Son's cheating should be a lesson, not a lawsuitThe story was also in yesterday's Santa Cruz Sentinel, p.C5, but without the father's occupation. Can you guess? Was he a dentist? truck driver? cop? insurance agent? No, of course not.
Regarding your article (Page A1, April 27) on cheating: There is a reason for having students and parents sign academic honesty policies.
Cheating is very prevalent in our schools and thanks to parents like Jack Berghouse, many students feel that there's nothing wrong with copying from other sources and taking credit.
Instead of using his son's transgression as a valuable lesson, he's acting like a spoiled child and demanding that his son be reinstated in a class to which he clearly does not belong. What makes Berghouse think his son belongs in an Ivy League college if he can't handle a sophomore English class?
Does he realize that by suing the district, he is not only taking valuable funds away from the education of all students in the district but calling attention to this situation?
Our children need to learn that their actions have consequences -- both good and bad -- and letting them learn from their mistakes is part of responsible parenting.
Math teacher Sunnyvale
Here is the Mercury News followup story:
Jack Berghouse doesn't dispute that his son, a sophomore at Sequoia High School, copied someone else's homework. But the Redwood City father believes the school district was wrong to kick his teenager out of an English honors class for the offense, and his decision to sue has embroiled the family in a public, opinionated debate.Wow. Berghouse advises clients and goes into court every day arguing for the best interest of the child (BIOTCh), so he thought that he could bully the school officials with his stupid legalistic arguments. He "had no freaking idea" that people would hate him for it.
"I'm getting a lot of hate calls at my office," said Berghouse, who practices family law. "I had no freaking idea this would happen."
Berghouse's son and three other students were removed from a sophomore honors English class at Sequoia in Redwood City for copying and sharing homework. In response, Berghouse filed a suit last week in San Mateo County Superior Court, claiming his son's due process rights were violated. ...
All four students involved in the incident were transferred to regular English classes. Berghouse believes the punishment is disproportionate to the offense and will jeopardize the academic future of his son, who he said has a chance at attending an Ivy League school.
With the stakes and pressure high for students to get into selective colleges, children's grades and courses have become paramount for many parents.
"There is the possibility this will cause permanent harm. What university will it keep him out of? Will that have far-ranging consequences in what kind of job he can get?" Berghouse said.

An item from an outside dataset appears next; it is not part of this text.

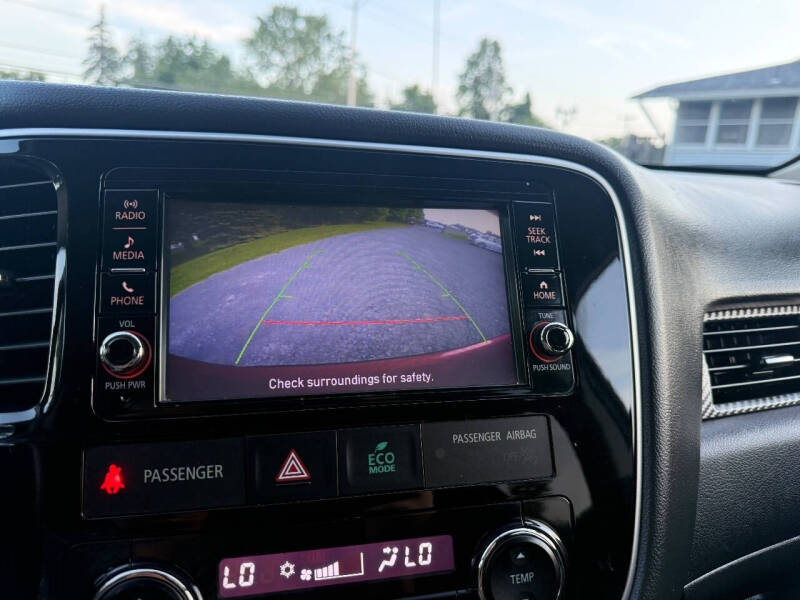 2018 Mitsubishi Outlander ES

Lawyers are mostly evil, and family court lawyers are the worst. They thrive on exploiting human misery. His Yelp review says:
This is the unscrupulous attorney who is suing his sons' school district because they are holding the son responsible for cheating. The son admits to cheating and both he and family were notified in writing about the stern consequences of plagiarism. He evidently feels a sense of entitlement that allows his son to cheat in an honors class and not be held accountable for it. I notice that somehow several very negative reviews of this attorney have been deleted today - how did that happen? Several of the remaining reviews are overly positive and obviously fake. I would not trust this person. If he can't raise his own son to be honest how would he treat his clients? How did he influence Yelp to delete all the negative reviews about him?Maybe he threatened to sue Yelp. If I had my way, people like Berghouse would not be allowed to argue the BIOTCh in court. If there is any justice, the court will send the boy out for a psychological evaluation, and then his Ivy League chance might depend on the whim of some creepy shrink.